> _Your instructions_
Could all of the entries be written out exactly, with any pictures omitted?

(Captioned web images)
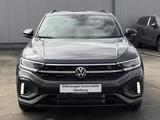 Volkswagen T-Roc R-Line 2.0 TSI 4M DSG Standheizung AHK Nav - Volkswagen Gebrauchtwagen in Hamburg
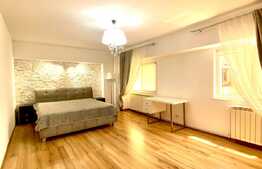 Apartament 3 camere, 100 mp, modern, garaj, Esplanada Nicolina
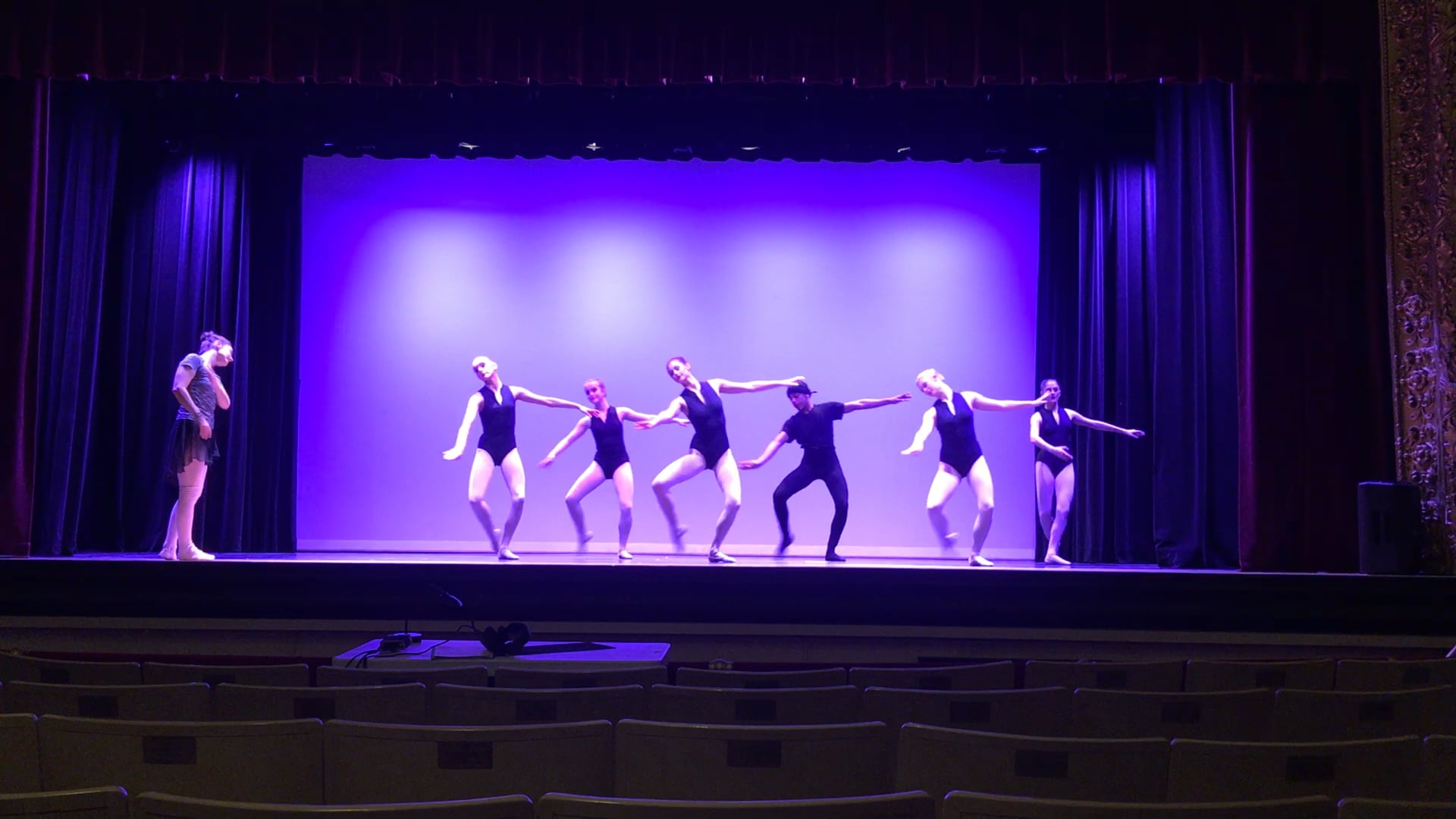 SEADAC 4 on Vimeo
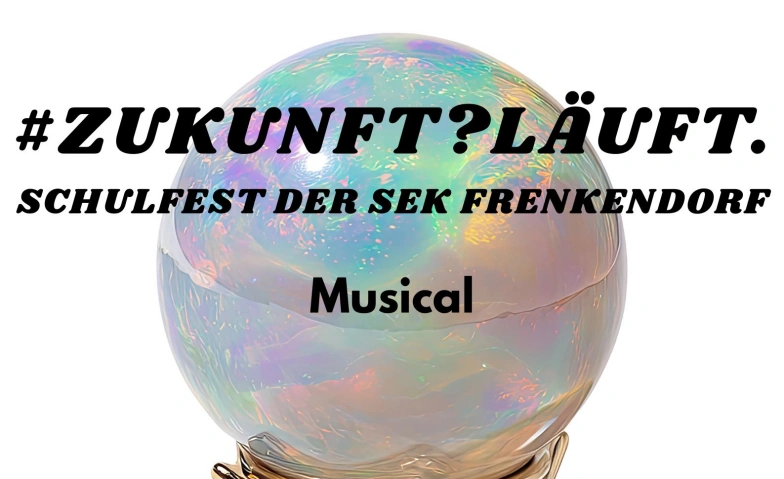 Event-Image for '#Zukunft?L&auml;uft.'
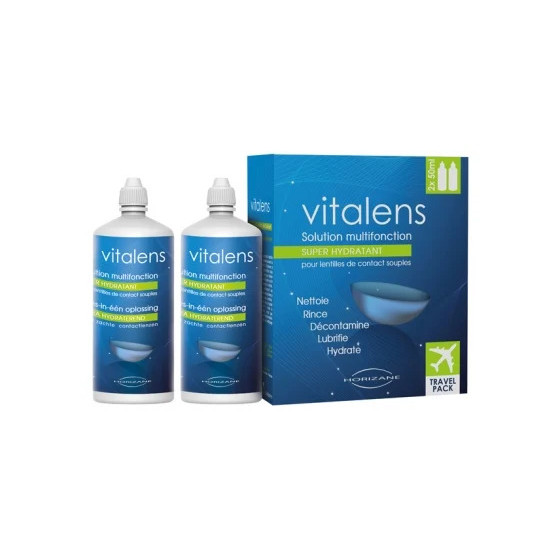 Vitavea Ultrabiotique...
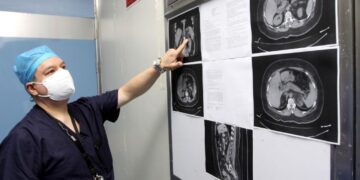 Realiza IMSS más de 200 mil acciones en la 7 Jornada de Continuidad de Servicios de Salud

> _Written solution_
 Volkswagen T-Roc R-Line 2.0 TSI 4M DSG Standheizung AHK Nav - Volkswagen Gebrauchtwagen in Hamburg
 Apartament 3 camere, 100 mp, modern, garaj, Esplanada Nicolina
 SEADAC 4 on Vimeo
 Event-Image for '#Zukunft?L&auml;uft.'
 Vitavea Ultrabiotique...
 Realiza IMSS más de 200 mil acciones en la 7 Jornada de Continuidad de Servicios de Salud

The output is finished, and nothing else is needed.